WHAT IS EXPECTED: Copy out nothing but the lines from the one holding "consisting : Granite." through the end of the entries below, exactly as written and without the pictures.

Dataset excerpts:
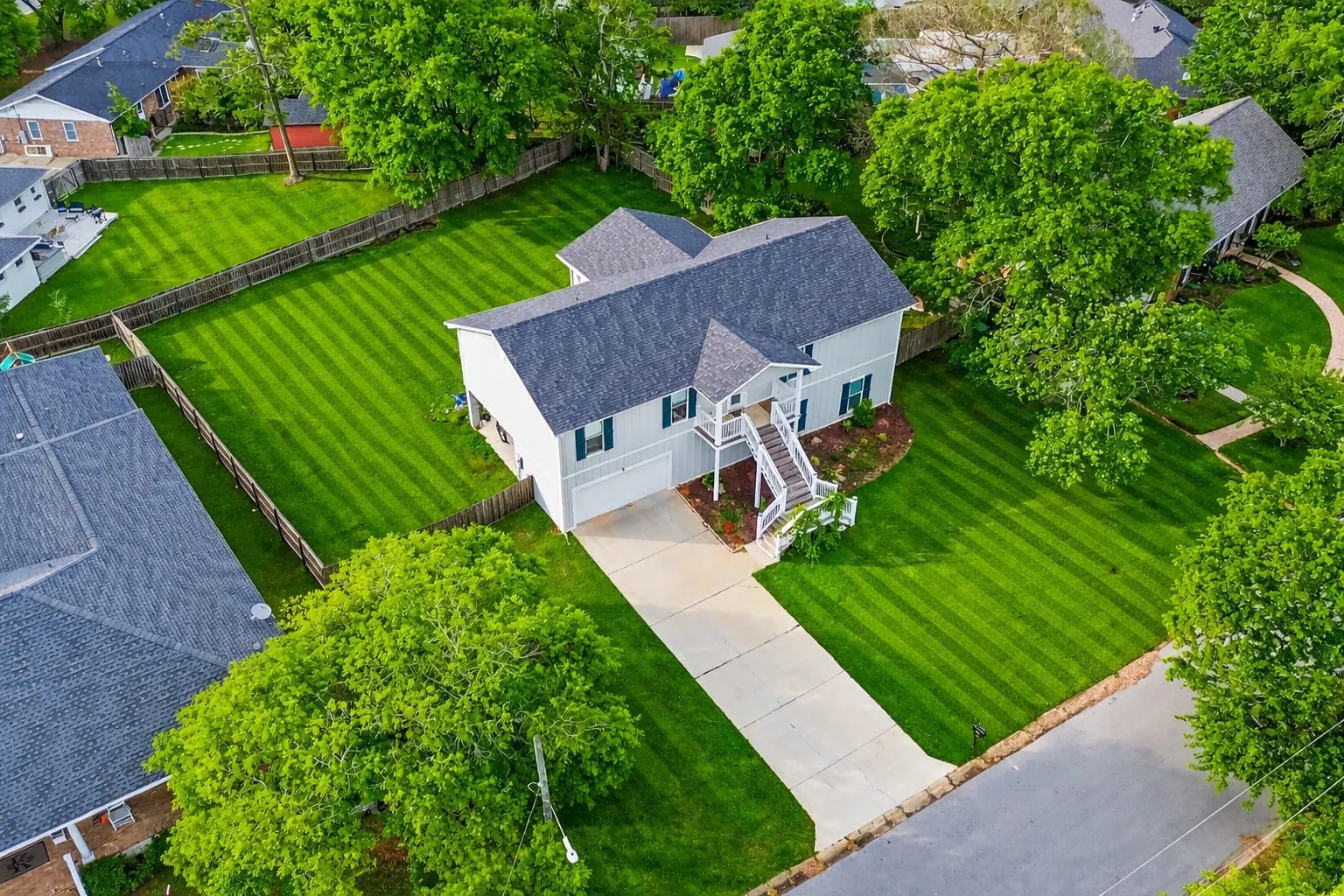 Aerial of suburban home with manicured lawn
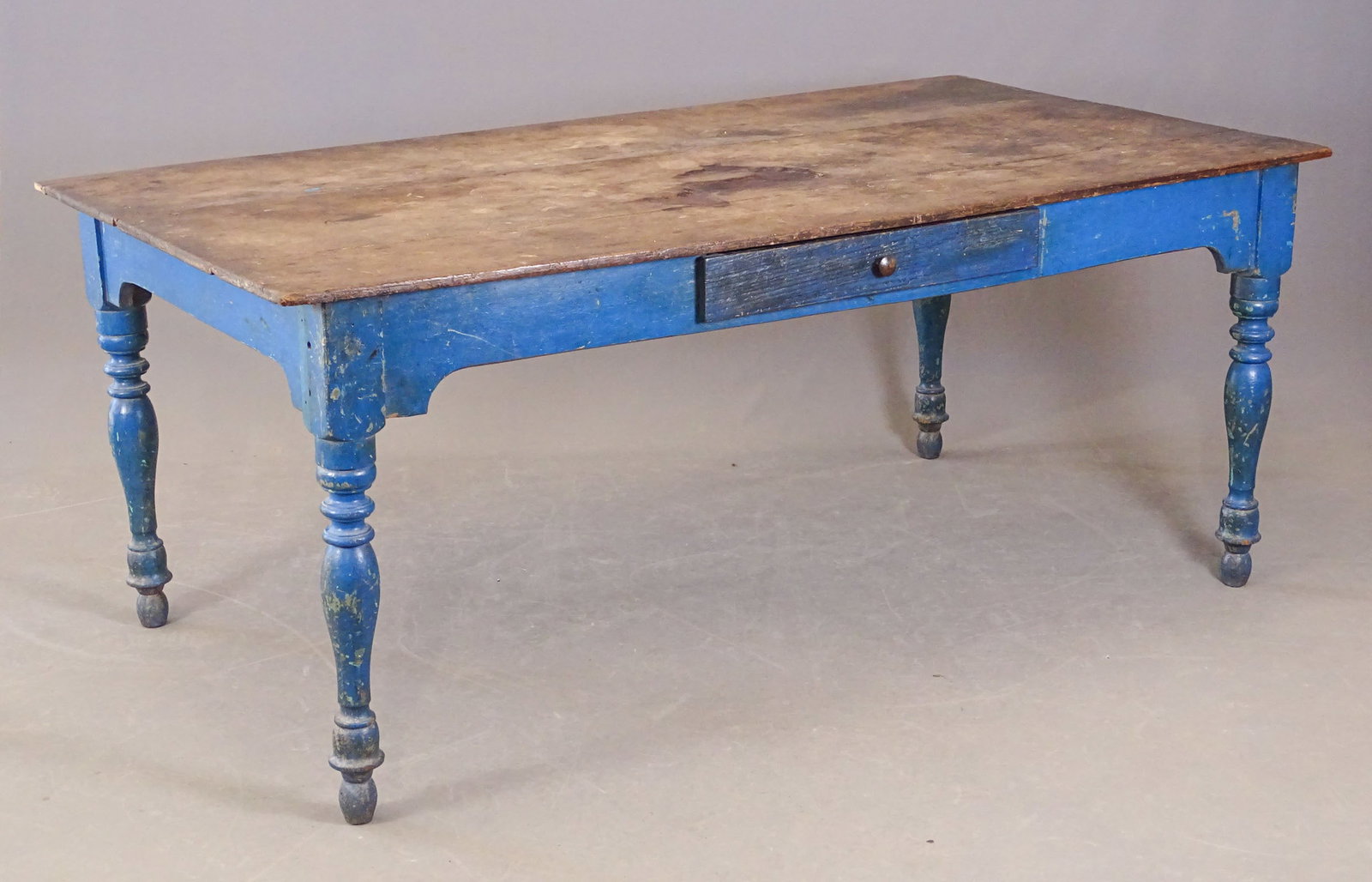 19th c. Farm Table: 19th c. farm table in old blue paint. Single drawer. Note naturally worn top areas. 75" x 40" x 31" Ht., 25" skirt Ht..
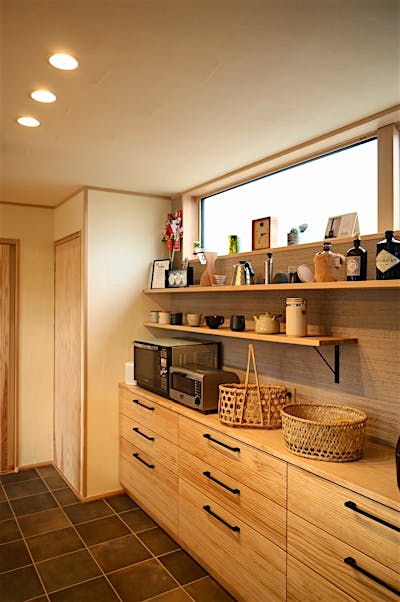 キッチンの背面側はジョリパッド仕上げで空間のアクセントに。お気に入りのツールをディスプレイ。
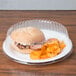 A Dart clear plastic dome plate cover over a plate with a sandwich and potato chips.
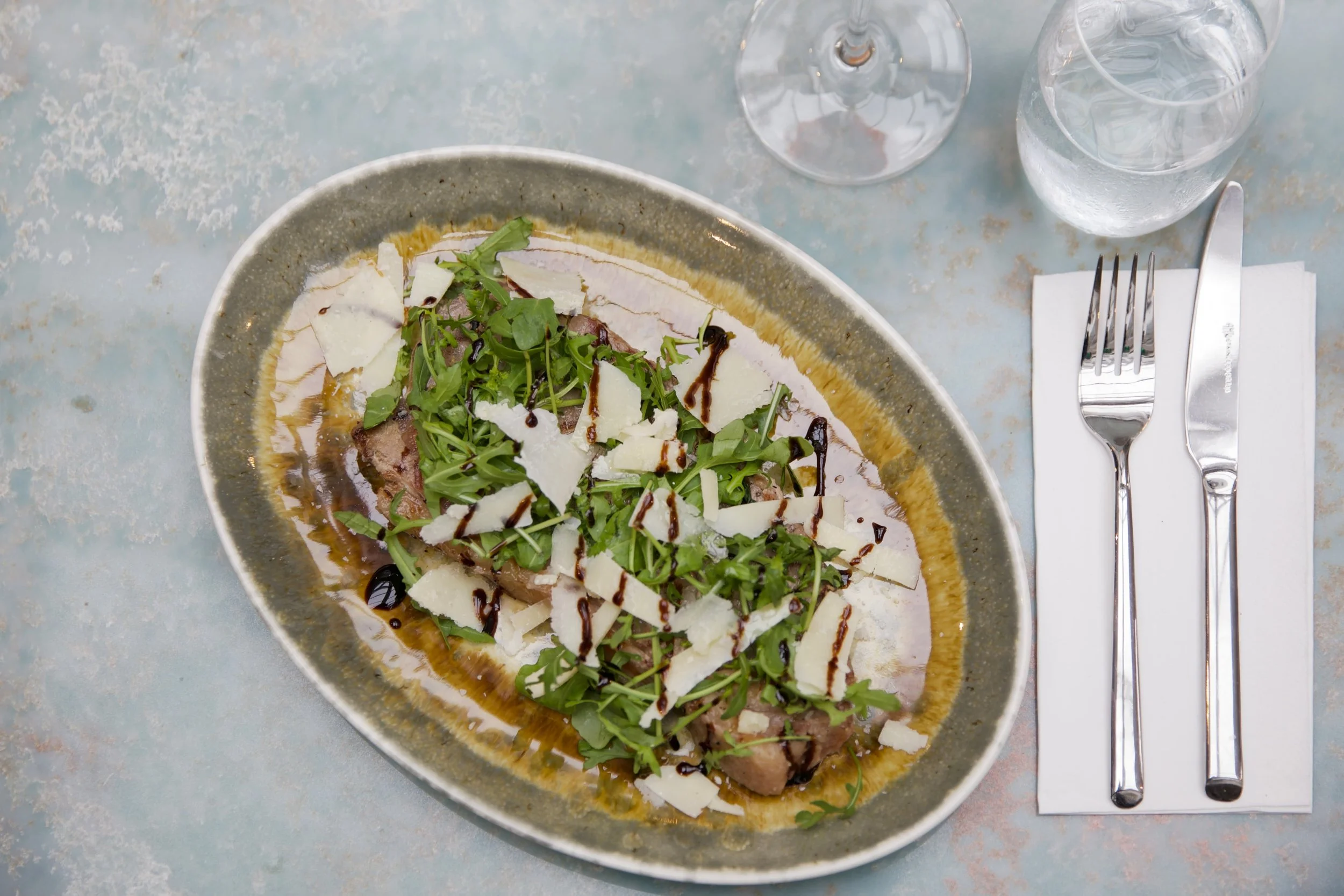 A plate of salad with arugula, shaved cheese, grilled meat, balsamic glaze, olive oil, and other greens on a rustic table. Next to the plate is a fork, knife, a glass of water, and a wine glass.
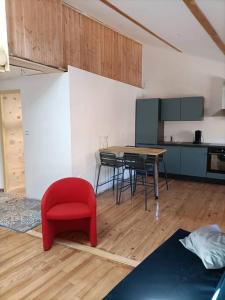 a living room with a red chair and a table at Superbe appartement au cœur du village in Largentière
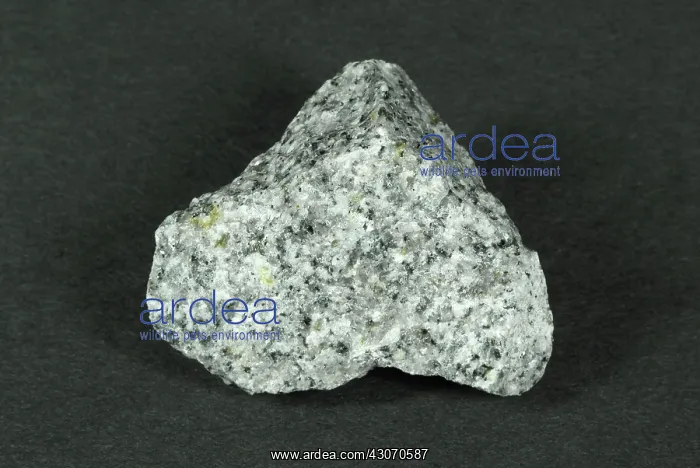 : Granite. Hand sample of Granite, a crystalline intrusive igneous rock consisting : Granite. Hand sample of Granite, a crystalline intrusive igneous rock consisting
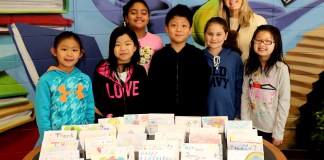 Third graders from Ms. Victoria Weiss’s class are photographed with cards created by Lakeville students. (Photo courtesy of the Great Neck Public Schools)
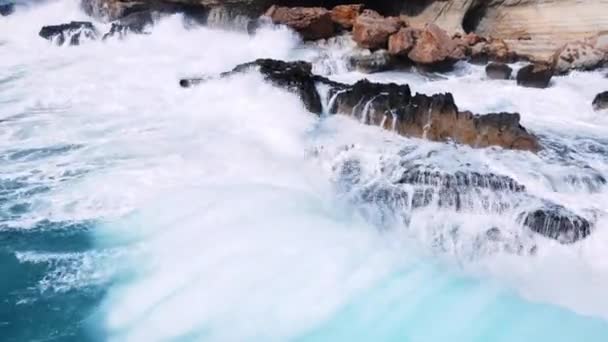 Luftbild der Wellen brechen auf Felsen in einem blauen Ozean, Meereswellen am schönen Strand Vogelperspektive der Ozeanwellen kracht gegen eine leere Steinklippe von oben, Zypern — Stockvideo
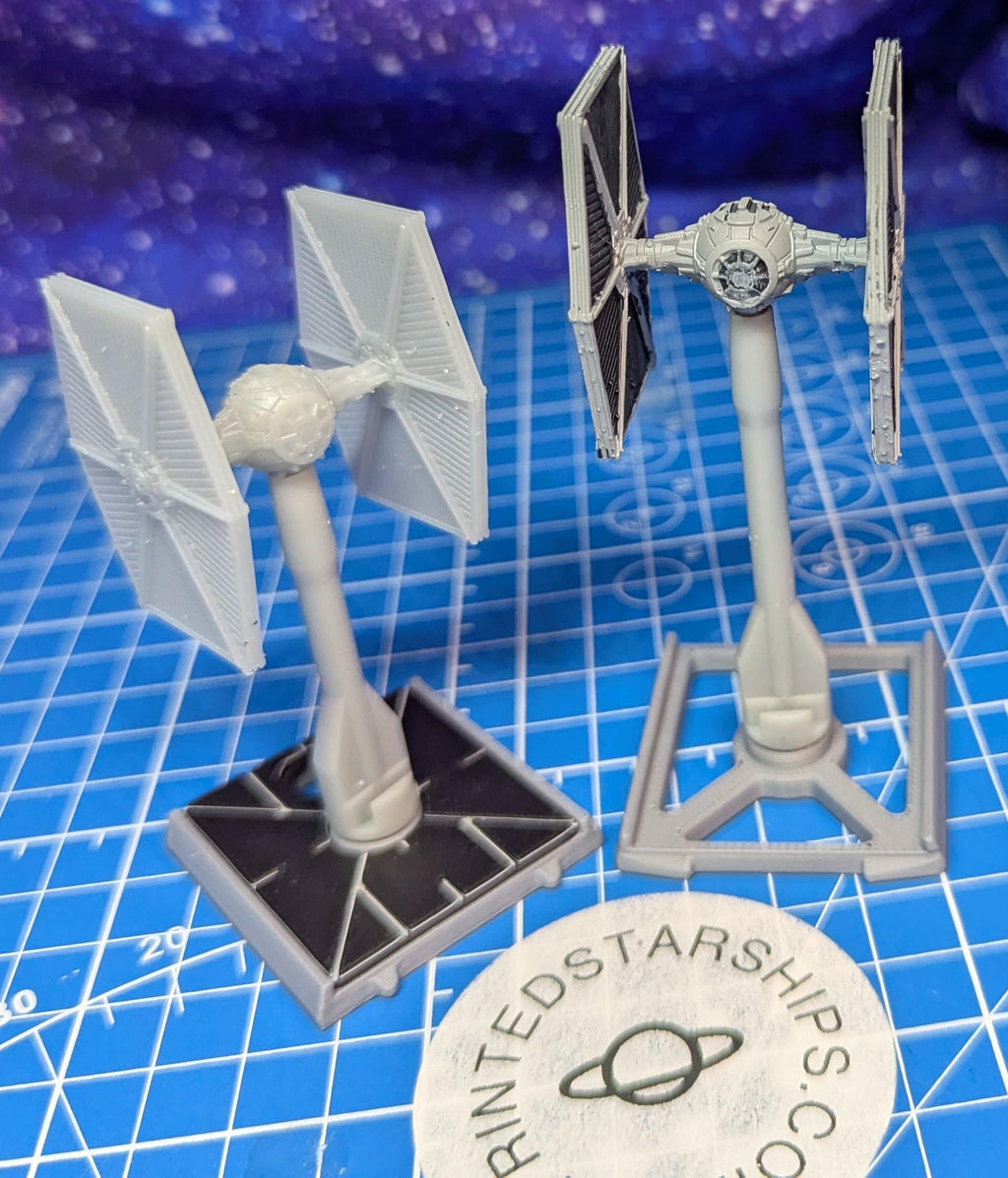 May include: Two gray TIE fighter models. One has two solar panel wings and the other has two black solar panel wings. Both models are on gray stands with a square base. A white circular logo with text is in the foreground.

REPLY TO THE TASK:
 : Granite. Hand sample of Granite, a crystalline intrusive igneous rock consisting : Granite. Hand sample of Granite, a crystalline intrusive igneous rock consisting
 Third graders from Ms. Victoria Weiss’s class are photographed with cards created by Lakeville students. (Photo courtesy of the Great Neck Public Schools)
 Luftbild der Wellen brechen auf Felsen in einem blauen Ozean, Meereswellen am schönen Strand Vogelperspektive der Ozeanwellen kracht gegen eine leere Steinklippe von oben, Zypern — Stockvideo
 May include: Two gray TIE fighter models. One has two solar panel wings and the other has two black solar panel wings. Both models are on gray stands with a square base. A white circular logo with text is in the foreground.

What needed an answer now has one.